Peanut butter chocopots
Cooking notes
- Makes 6-7 muffin sized pots. 
- Adapted from Nigella Lawson’s chocohotopots in Feast. 
- These are amazingly easy to make, gooey and fudgy. 
- Featured above are my mom and sister, with whom I developed this recipe. 
Ingredients
- 125 gm peanut butter 
- 125 gm baking chocolate (any chocolate easily available) 
- 2 eggs 
- 150 gm caster sugar 
- 3 tablespoons plain flour (maida) 
- Unsalted butter or oil to grease the baking tin 
Method
- Start by melting the chocolate – this is best done by placing it in a glass bowl, which is then placed over simmering water on the stove. Keep stirring. (remember to use a dry spatula for the chocolate) 
- Once melted, remove it from the stove, and stir in the peanut butter.
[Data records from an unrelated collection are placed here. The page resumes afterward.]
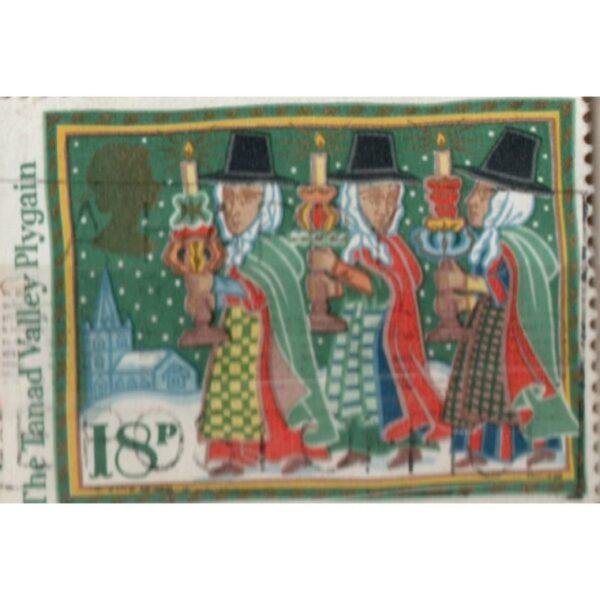 18 The Tanad Valley Plygain Used Stamp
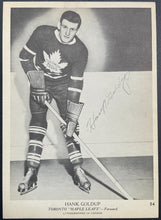 Load image into Gallery viewer, 1939-40 OPC V301-1 Hank Goldup Autographed Signed Card Toronto Maple Leafs JSA
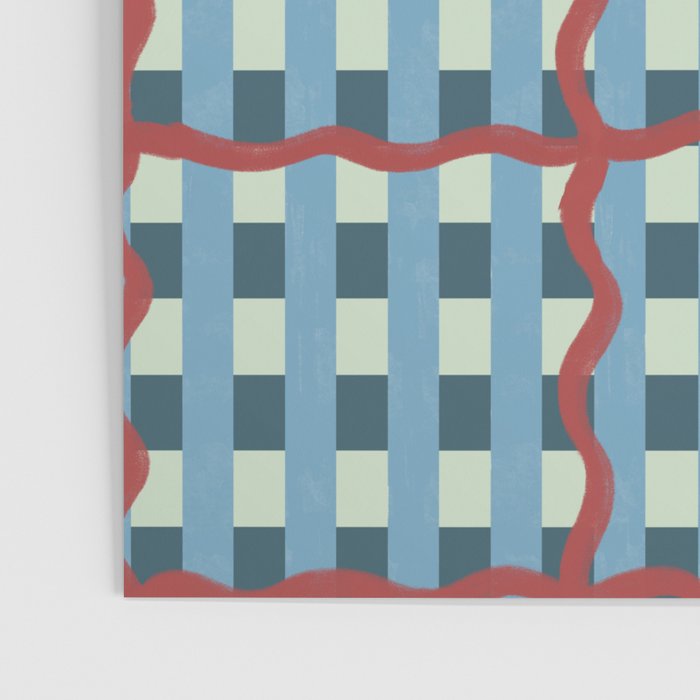 Nautical Rustic Plaid Poster Gallery Image 3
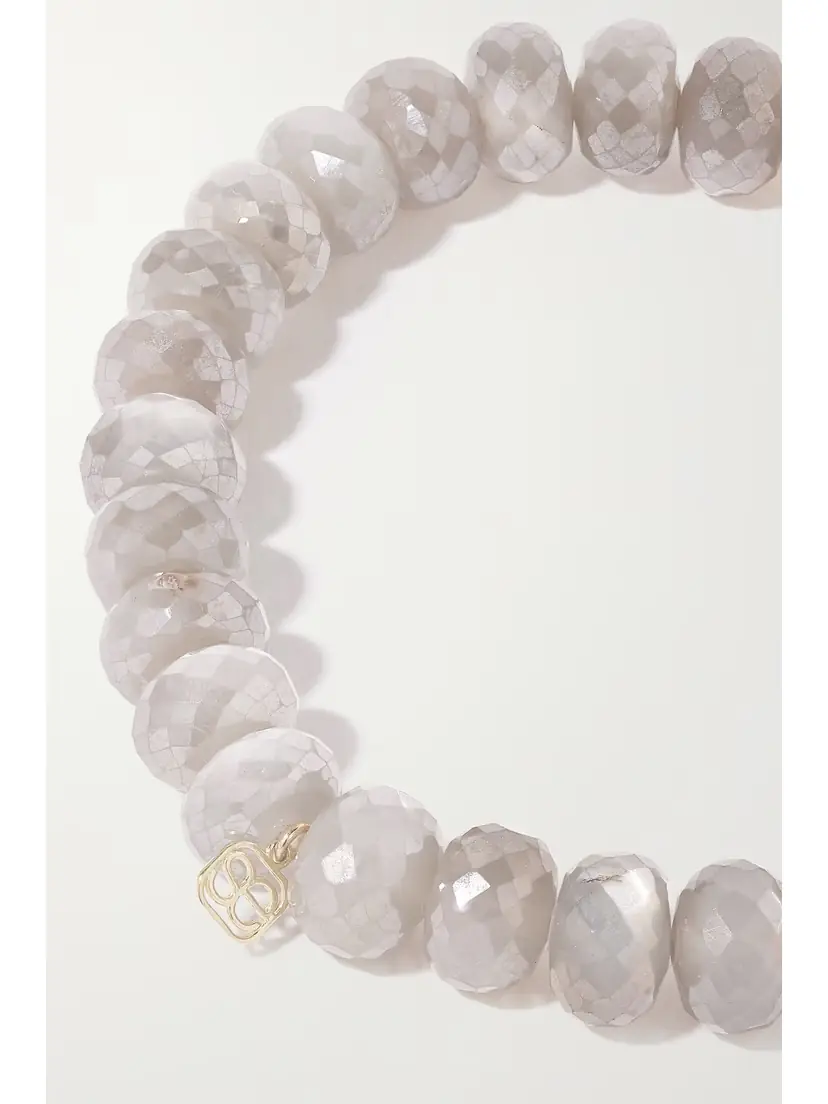 Sydney Evan Love Script 14-karat Gold, Moonstone And Diamond Bracelet | Thumbnail 3 Sydney Evan Love Script 14-karat Gold, Moonstone And Diamond Bracelet | Thumbnail 3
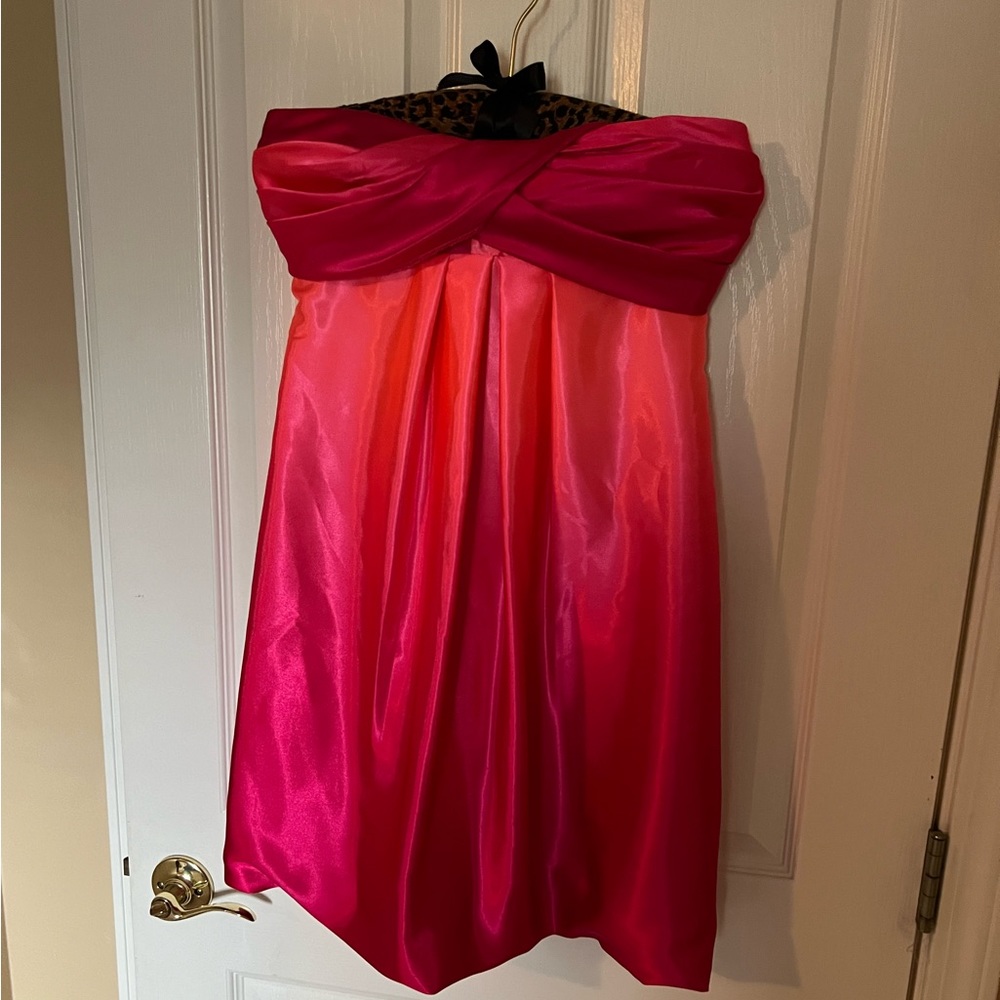 Jump junior dress, size 3/4, pink/coral.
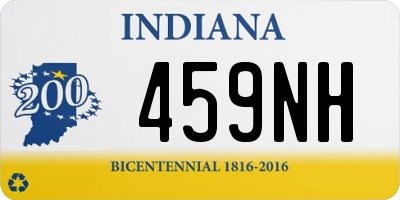 IN license plate 459NH
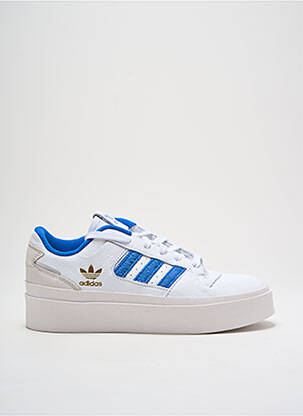Baskets matière lisse talon de 4 à 6cm blanc ADIDAS femme
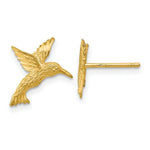 Load image into Gallery viewer, 14K Yellow Gold Hummingbird Earrings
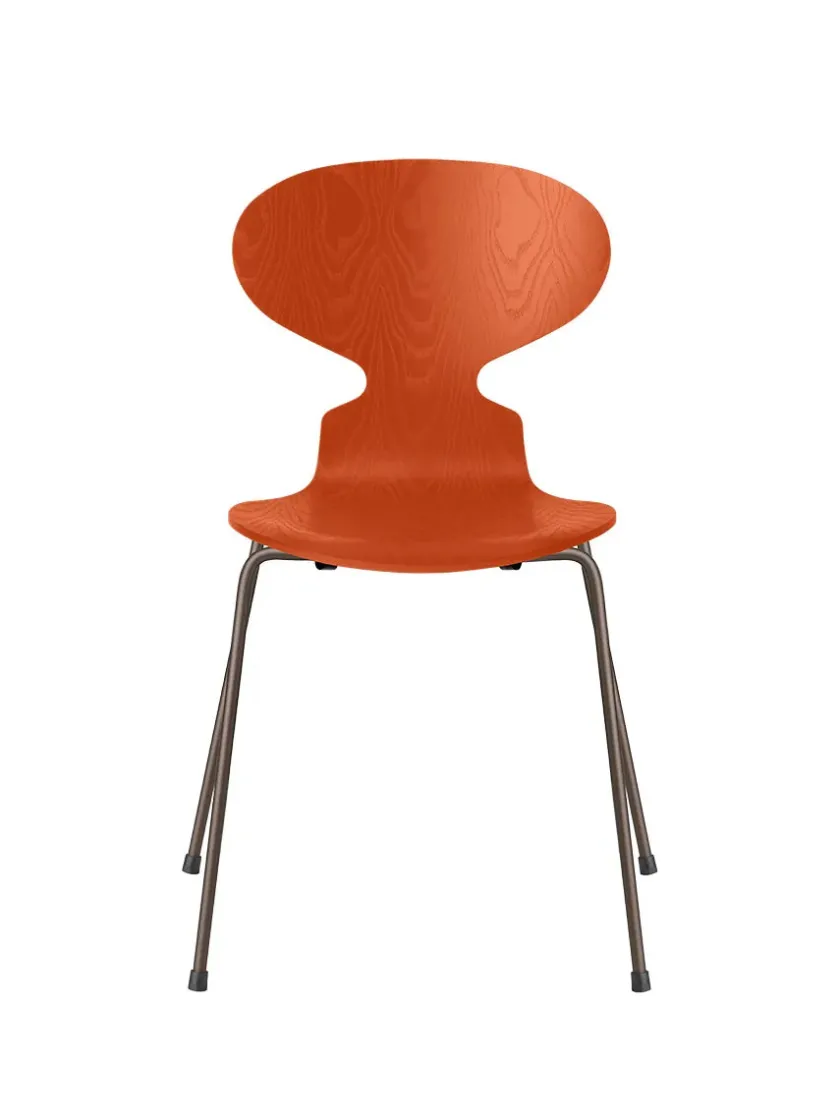 Fritz Hansen 3101 Myren Stol i farvet ask af Arne Jacobsen> Spisebordsstole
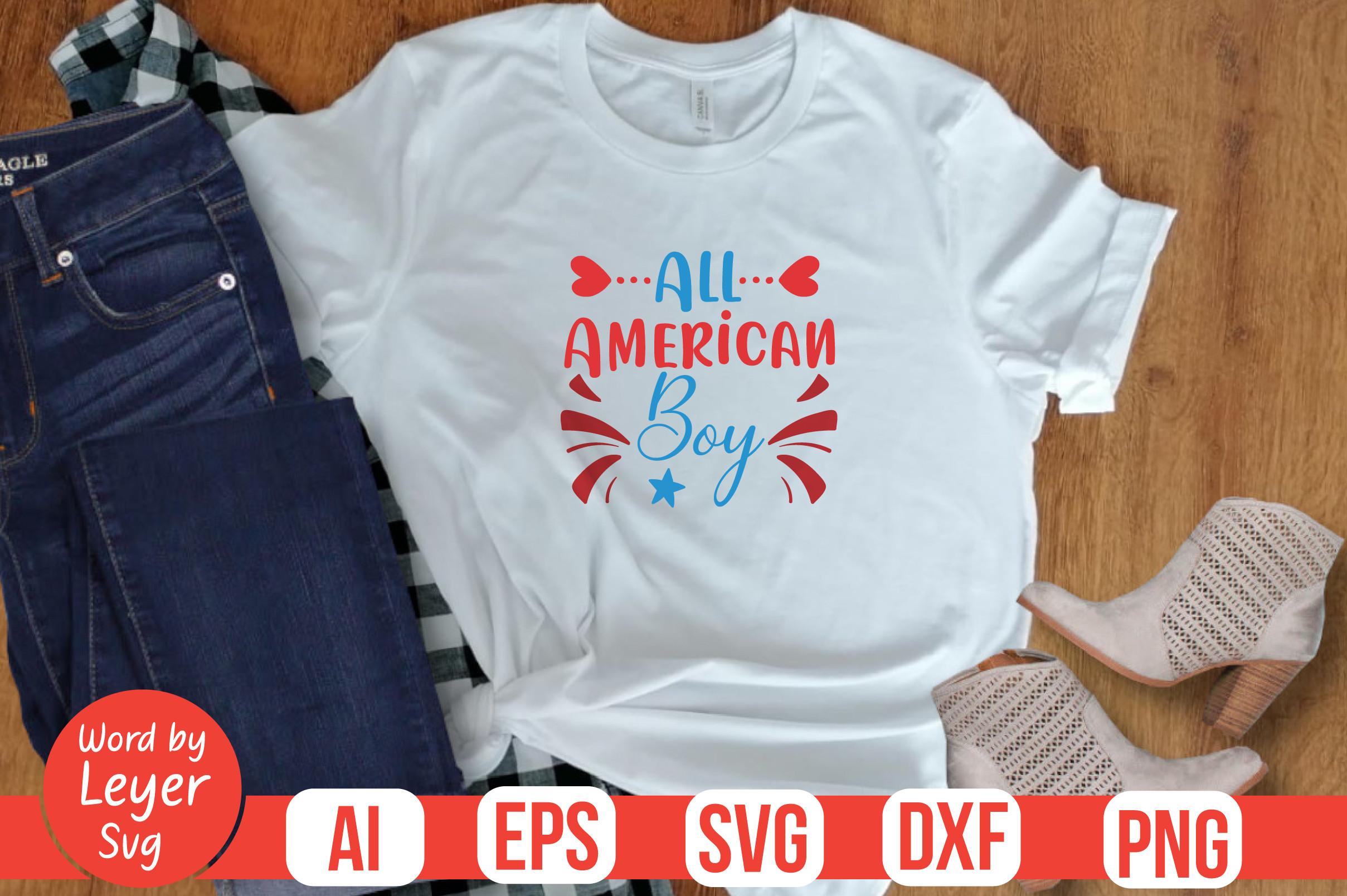 All American Boy Svg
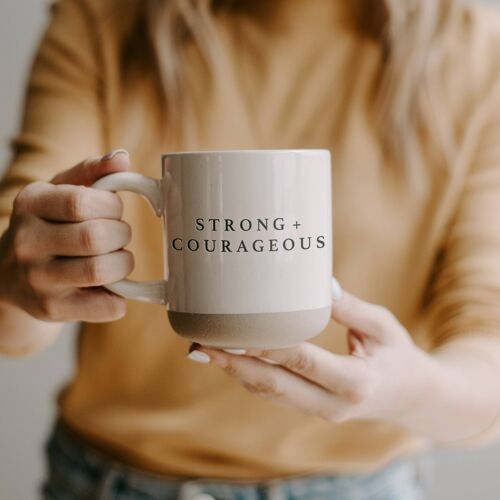 Tasse "Strong & Courageous"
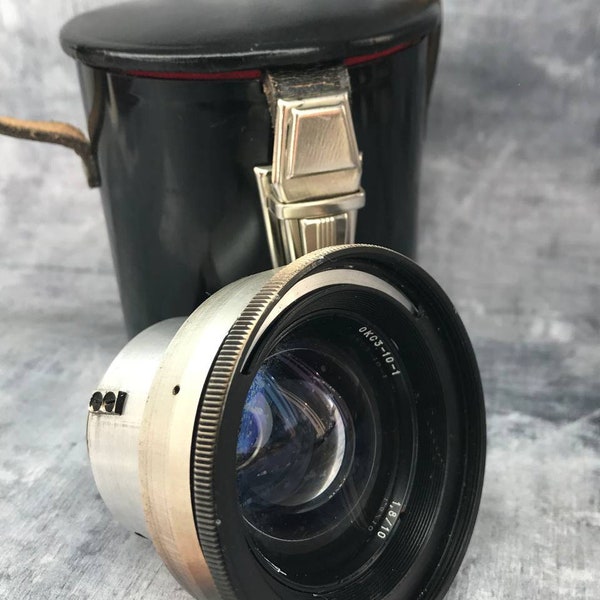 KMZ, lens OKC 3-10-1, 1.8/10mm, Wide angle 16mm, cine camera lens KINOR, 16SX Mount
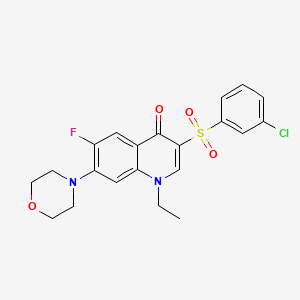 3-((3-chlorophenyl)sulfonyl)-1-ethyl-6-fluoro-7-morpholinoquinolin-4(1H)-one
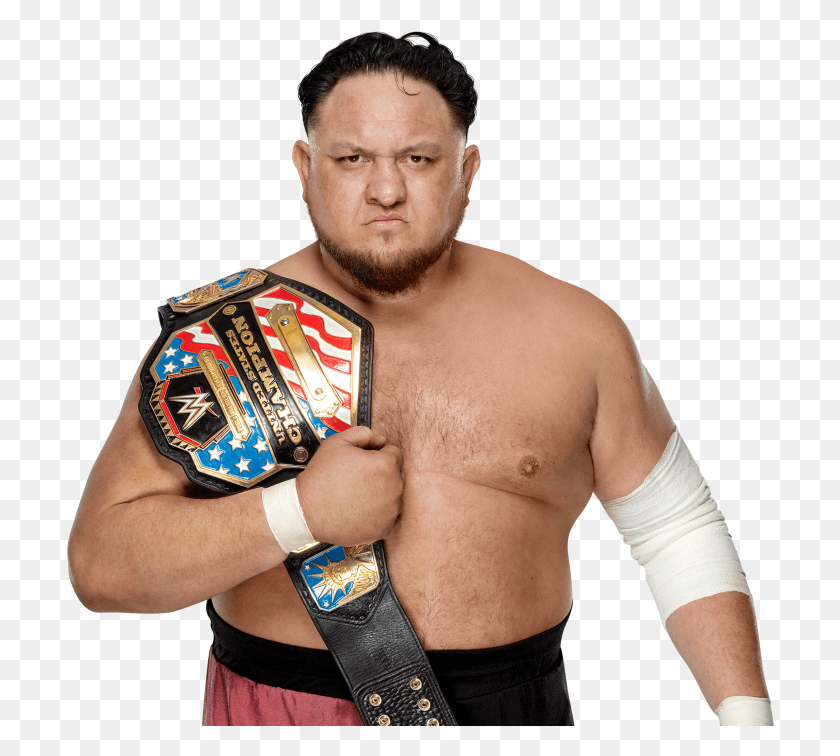 709x696 Will Samoa Joe Move With The United States Championship Rey Mysterio Vs Samoa Joe, Person, Human, Sport HD PNG Download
Then set this mix aside to cool a little. 
- In the meantime, preheat the oven to 200°C. 
- In another bowl, crack open the eggs, and mix them with the sugar and flour using a whisk. 
- To this mixture, add in the chocolate and peanut butter mixture, and stir well. 
- The batter is ready to be poured into the baking tins! Make sure to grease the moulds beforehand so they come off easily. 
- Bake in the preheated oven for about 20 minutes – by this time, the tops should be cooked and almost cracking, while the inside should remain nice and gooey. 
- Enjoy warm! These can be easily stored in the fridge for up to a week, but best eaten at room temperature.